В первый раз мы встречаем здесь слово «сад», издавна обозначавшее место блаженства (ветхозаветная семантика Эдема актуальна для всей европейской культуры). Блаженство садов Грузии неотделимо от «дружеских штыков» – сад, в который просит перенести себя Мцыри, – это сад ненавистного ему монастыря. Начало и конец поэмы символически «зарифмованы».
Сад – это попытка создать в тенетах несвободы островок свободы, это живое в мертвом мире, а потому образ сада предполагает двойное прочтение. «Кругом меня цвел божий сад», – восклицает Мцыри, описывая свое положение наутро после побега. Герой, перешагнувший порог монастыря, ощущает себя и открывшийся (обретенный) мир свободными. Мечта о родине, подвигнувшая Мцыри на побег, кажется герою поэмы уже сбывшейся: в 11-й главке он ощущает полное единство с миром природы, описанным с почти библейскими яркостью и торжественностью.
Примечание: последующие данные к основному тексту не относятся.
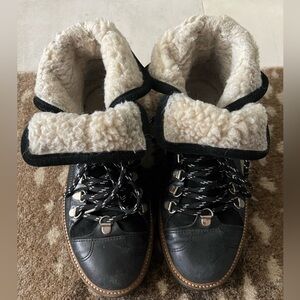 Ganni shearling lined black lace up hiking boots size 37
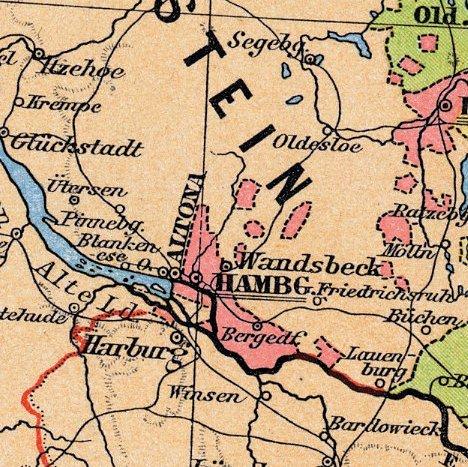 Kartenausschnitt mit den ehemaligen Landesgrenzen Bergedorfs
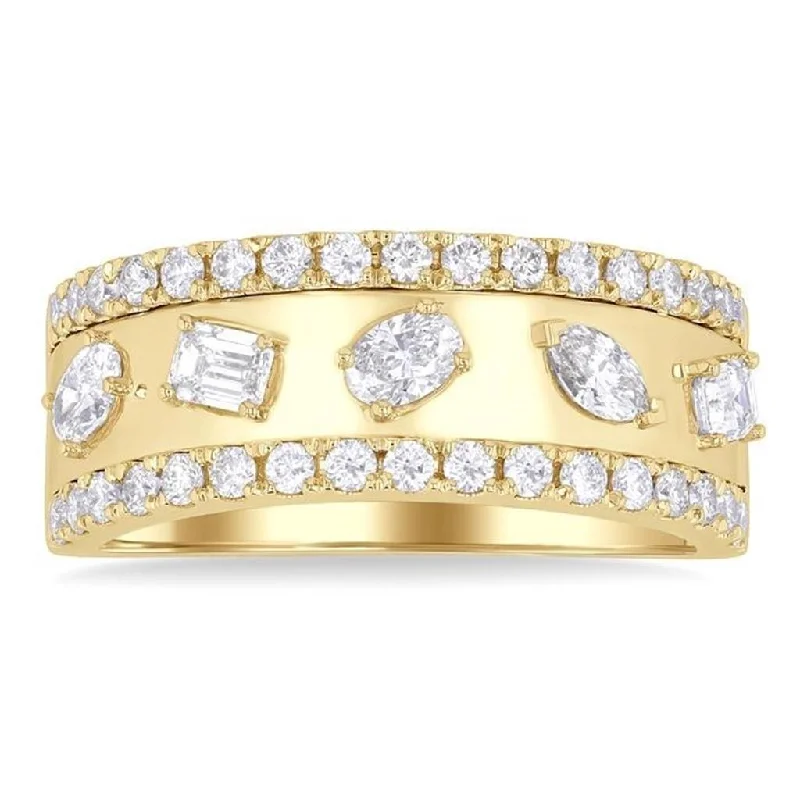 Timeless Elegance At Unbelievable Discounts 14K Yellow Gold Mix Shape Natural Diamonds Ring Timeless Elegance At Unbelievable Discounts 14K Yellow Gold Mix Shape Natural Diamonds Ring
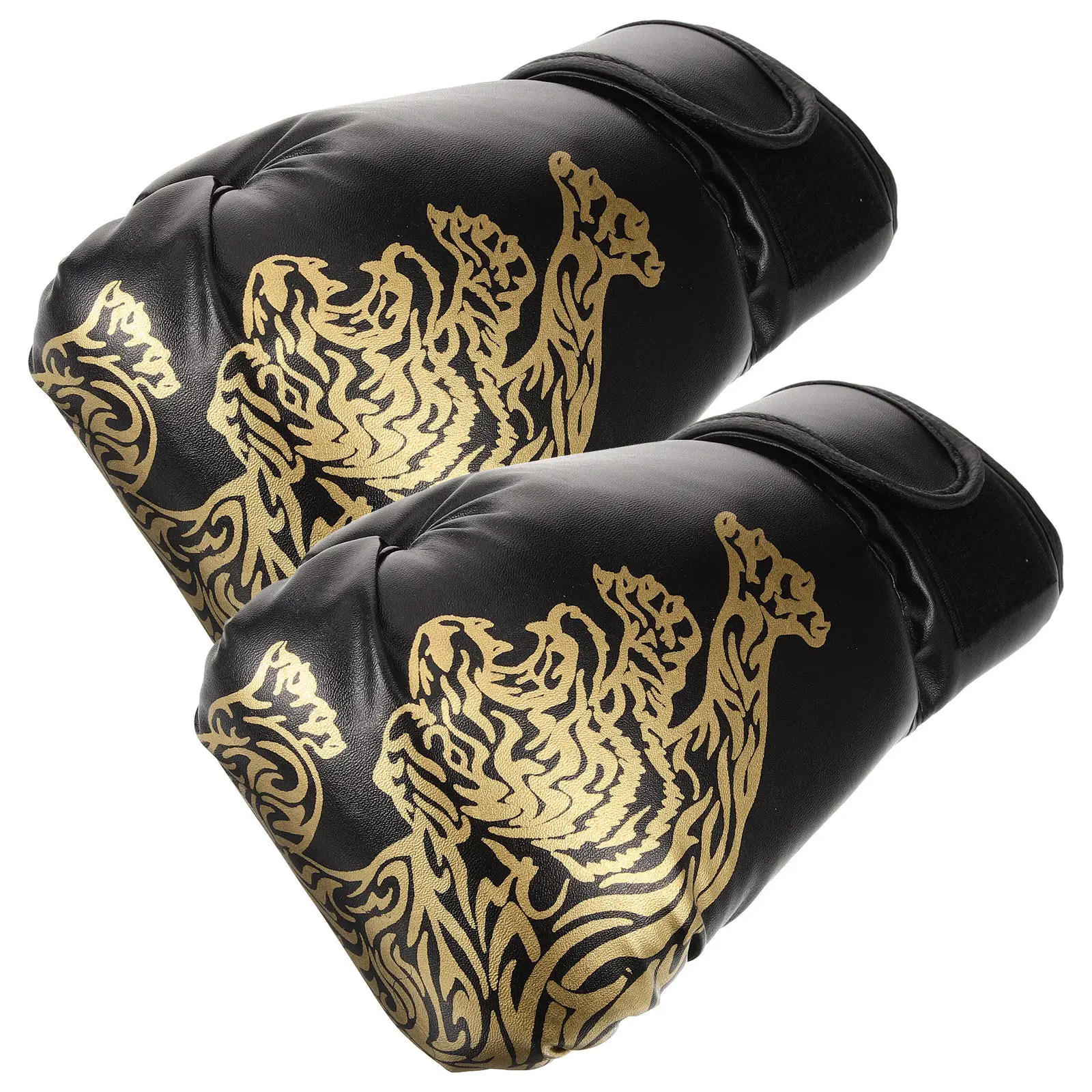 1Pair Gloves Breathable Lightweight Adjustable Wrist Strap PU Sparring Fighting Black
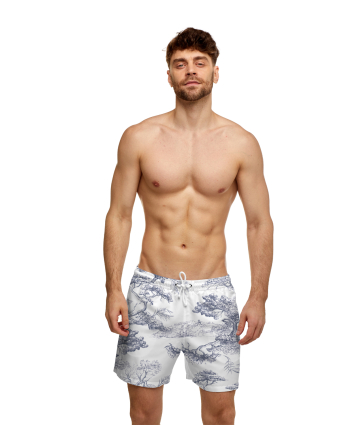 Men's swim shorts with "Savage Garden" print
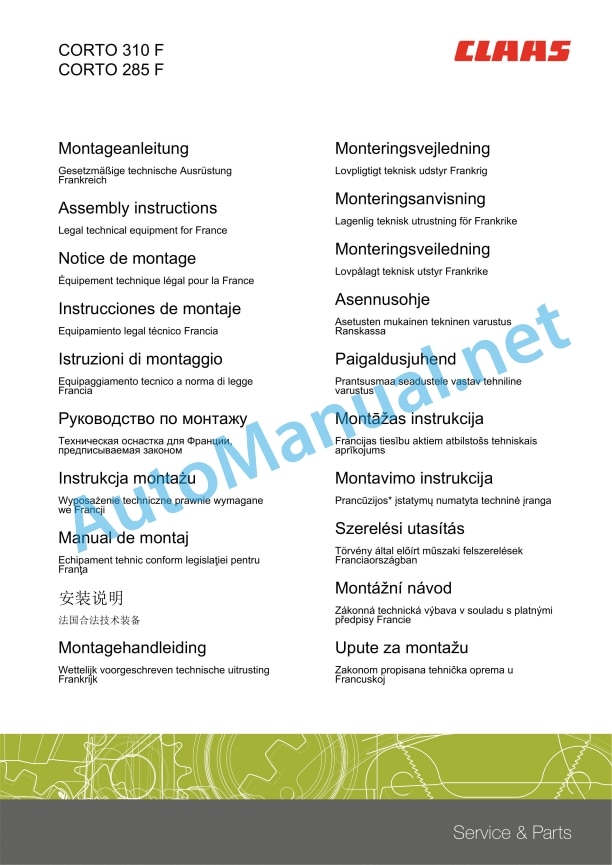 Claas Corto 310 F 285 F (F03) Mower Assembly Instruction EN 15 Claas Corto 310 F 285 F (F03) Mower Assembly Instruction EN - Image 15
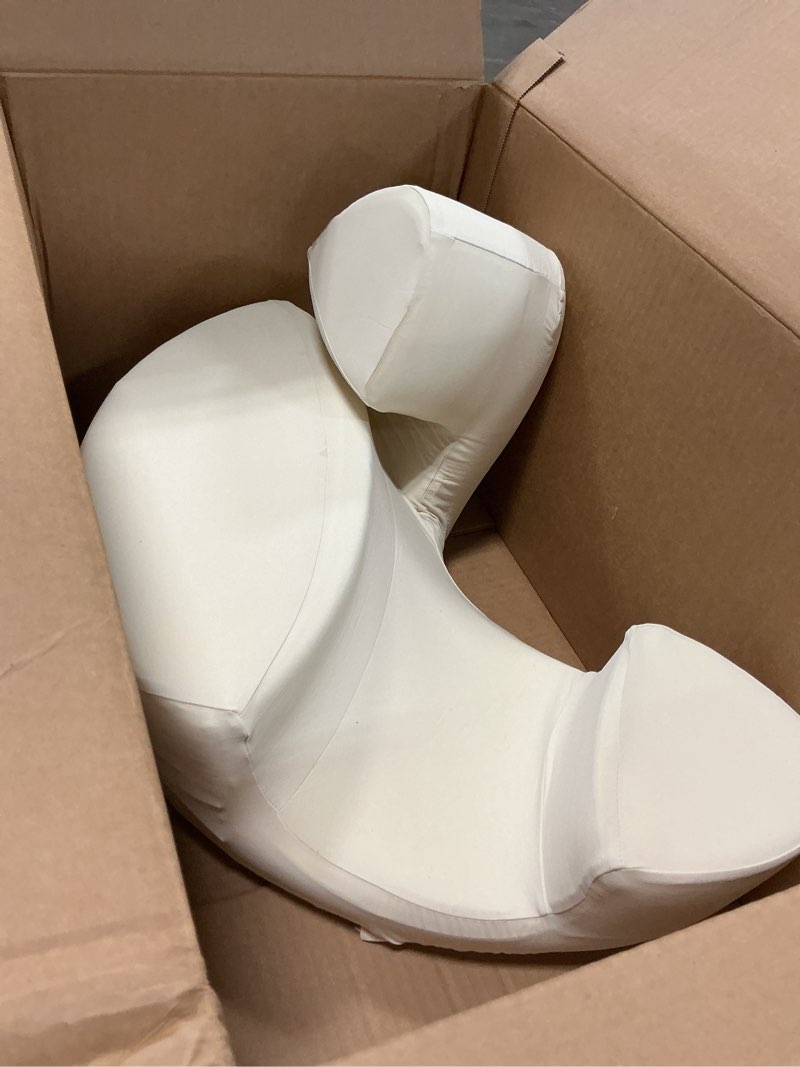 Condition photo showing As Is for Jaxmoon Side Sleeper Pillow for Shoulder Pain Relief, Rotator Cuff Pillow with Arm Channels for Shoulder & Neck Support, Knee Pillow for Adults Between Legs, Ergonomic Memory Foam Pillow, Cream White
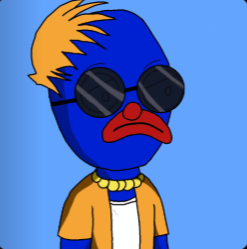 A cartoon blue duck character wearing sunglasses, an orange shirt, and a beaded necklace, serving as a mascot for the OZZLAB NFT giveaway promotion offering 5 guaranteed spots.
Заметим, что герой только что (10-я главка) избежал гибели: он не сорвался в пропасть – «божий сад» уберег Мцыри. Лермонтов подчеркивает значимость эпизода, введя внешне немотивированно образ другого своего любимого героя.
Вглядываясь в бездну, в «ступени» ведущих вниз скал, Мцыри вспоминает о павшем ангеле:
Но лишь злой дух по ним шагал,Когда, низверженный с небес,В подземной пропасти исчез.
Падение демона противостоит «райскому» ощущению Мцыри. Однако чувство обмануло героя; он действительно в раю, только ни он раю, ни рай ему не нужны.
И все природы голосаСливались тут; не раздалсяВ торжественный хваленья часЛишь человека гордый глас.
Мцыри пока еще не вспоминает о том, что он человек, а живому человеку не место в Эдеме. Выше Мцыри говорит: «Я сам, как зверь, был чужд людей / И полз и прятался, как змей», но и уподобиться зверю до конца герой не может. Мцыри нужен не «сад божий», пусть и пленяющий своей торжественной красой, – он думает о родине – цели своего побега.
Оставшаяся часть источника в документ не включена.